Venice 2018 review: Joy (Sudabeh Mortezai)

Joy (Joy Anwulika Alphonsus) is almost rid of her debt. That does not mean she is safe in any way, not at all; as if coming from Nigeria to Europe was not challenging enough, the real struggle is now managing to stay in Austria instead of being sent back to Africa. The film for which she is the namesake follows her and other African women in simple moments, just having fun or enjoying an ordinary conversation, but make no mistake: these women are forced to work as prostitutes to pay off their debts. A newcomer, Precious (Precious Mariam Sanusi), is assigned to Joy for supervision. In the film’s opening scene we have seen this girl back in her home country in a ritual performed by a juju priest. It is a standard religious ceremony in which women who intend to leave the country have to be submitted to a magic spell cast on them by the priest, and be indebted for the money borrowed for the journey to Europe, thereby already being nudged towards a life of prostitution. If they do not comply, terrible things will happen to them or their family.

Director Sudabeh Mortezai’s documentarist approach frequently puts us in the middle of the action, only to take us out of it when scenes turn grim, choosing to turn to Alphonsus’ expressions to indicate what happens. When Precious is being brutally raped it happens in the background, but the eyes and tears of Joy let us experience the dreadful moment vividly. Her eyes speak a thousand languages. In the rare occasion of a situation in the film not being clear enough, one only has to look at her eyes, her expression, and the way she glances at someone to figure out what is going on.

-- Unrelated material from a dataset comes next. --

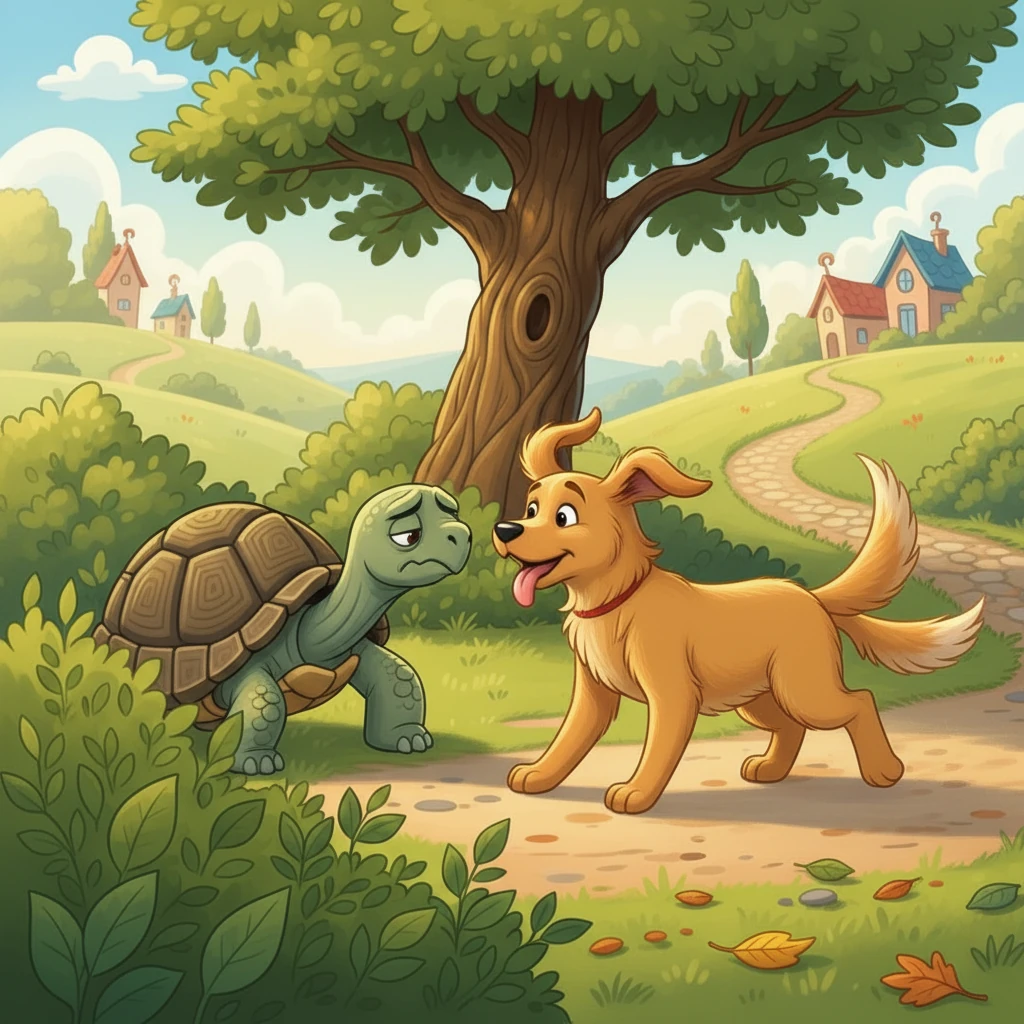 But as Buster approached, his tail still wagging, Sheldon saw the disappointment in his friend's eyes. Buster, though confused, still offered a friendly lick. Sheldon began to feel ashamed.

Newly arrived in Vienna, Precious still wonders at simple things, like lights being on 24/7, even if they still cannot protect her during the nights when she has to satisfy her customers. She does not want this life, understandably, and begs her madam (Angela Ekeleme Pius) for another job, any job. Whatever it takes to take her away from a life of selling her body. The consequence of this request? The aforementioned rape. Yet here emerges one of the strengths of Mortezai’s directorial choices: by not showing or, to be more precise, showing just the right amount, Joy lets us understand much more than it would otherwise. Even if they are never explicitly shown, that does not mean the film is lacking in atrocious sequences, but no matter how terrible the situation they are never gratuitously shown, and have all the more impact for it.

One can look at Joy as just another film about an urgent subject, tackled from the usual standpoint of abuse. In the end there is no statement but just the story of a woman stuck in a diabolical loop, despite the political implications that story has. This haunting sense of no escape is something Mortezai’s storytelling builds one brick after another, without rushing to any conclusion whatsoever. Joy’s parable manages to clarify the difference between living and surviving: one doesn’t even need to be that decent a person in order to get how deep this difference can be.